Severe pneumonia leaves an estimated 4.2 million children under the age of five in 124 low- and middle-income countries with critically low oxygen levels each year, new analysis from UNICEF, Clinton Health Access Initiative (CHAI), Save the Children and Murdoch Children’s Research Institute (MCRI), has revealed.

Pneumonia is caused by bacteria, viruses or fungi, and leaves children fighting for breath as their lungs fill with pus and fluid. Severe pneumonia affects more than 22 million young children in low- and middle-income countries each year and kills more than malaria, measles and diarrhoea combined. “COVID-19 has infected millions of people and rendered difficult global conditions for children even worse,” said UNICEF Executive Director Henrietta Fore. “While the world grapples with the pandemic and the severe consequences it poses for the most vulnerable, we must not lose sight of the fact that pneumonia continues to claim more than 2,000 young lives every day. Medical oxygen can help save some of these lives.”

The agencies say the COVID-19 pandemic-related disruptions to health services threaten to be a further blow in the battle against the world’s biggest infectious killer of children, which already claims the lives of over 800,000 children under the age of five each year. Medical oxygen could save the lives of many children with severe pneumonia, coupled with antibiotics. But in many places, oxygen to treat a child with severe pneumonia over 3-4 days can cost at least £30-45. For the poorest families, that bill represents a huge barrier to treatment – if the child can get to a health facility with functioning oxygen and trained health workers at all, which are often scarce in poorer countries.

Following the onset of the pandemic, worsening shortages and rising prices of oxygen have been reported in countries with some of the highest numbers of child pneumonia deaths, such as India, Bangladesh and Nigeria.
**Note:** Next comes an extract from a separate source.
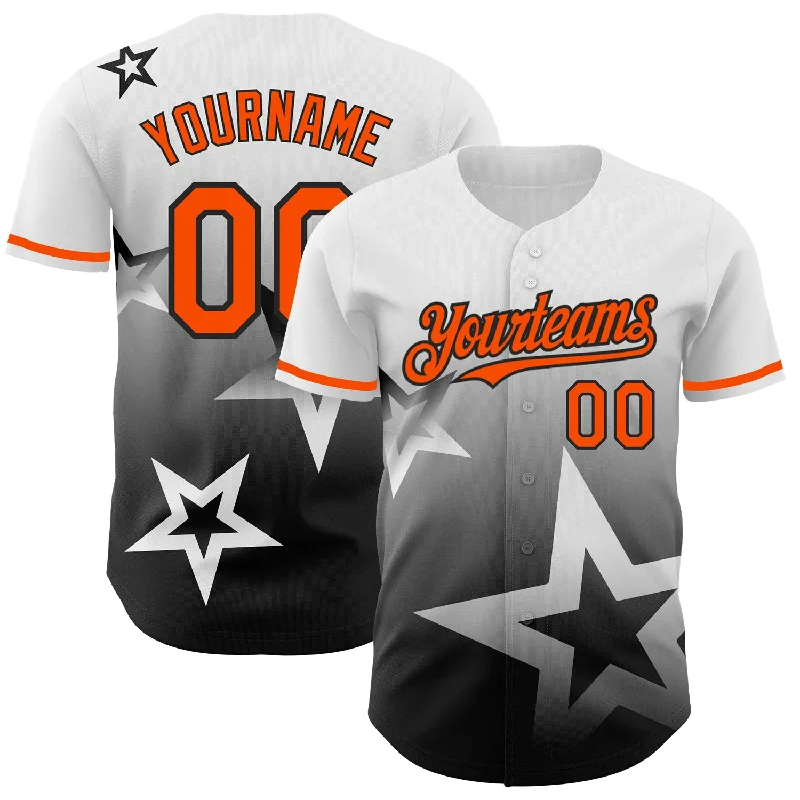 Custom White Orange-Black 3D Pattern Design Gradient Style Twinkle Star Authentic Baseball Jersey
According to the World Health Organisation, the poorest countries may currently have just five to 20% of the medical oxygen they need, overall.

In a commentary published in the Lancet on World Pneumonia Day, which falls on Nov. 12, global health agencies including Save the Children and UNICEF call for governments and donors to build on the investment and efforts made to respond to COVID-19 to strengthen health systems that can tackle childhood pneumonia.

World Pneumonia Day was established by the Stop Pneumonia Initiative in 2009 to raise awareness about the toll of pneumonia, a leading killer of children around the world, and to advocate for global action to protect against, help prevent and effectively treat this deadly illness.